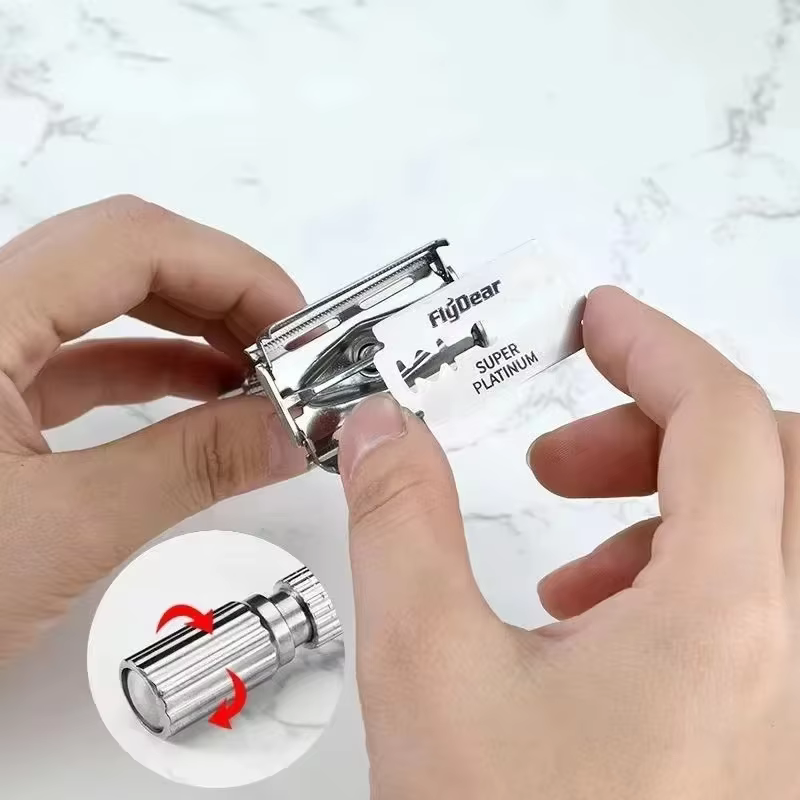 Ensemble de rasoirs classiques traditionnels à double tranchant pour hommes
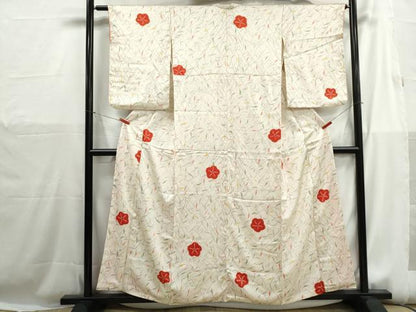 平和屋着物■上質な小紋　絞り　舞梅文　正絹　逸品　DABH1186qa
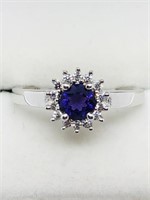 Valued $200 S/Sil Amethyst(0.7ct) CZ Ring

Action item:
For this exercise, output only the lines from the one bearing "平和屋着物■上質な小紋　絞り　舞梅文　正絹　逸品　DABH1186qa" to the end of the material above, exactly as written, with pictures left out.

Finished task:
 平和屋着物■上質な小紋　絞り　舞梅文　正絹　逸品　DABH1186qa
 Valued $200 S/Sil Amethyst(0.7ct) CZ Ring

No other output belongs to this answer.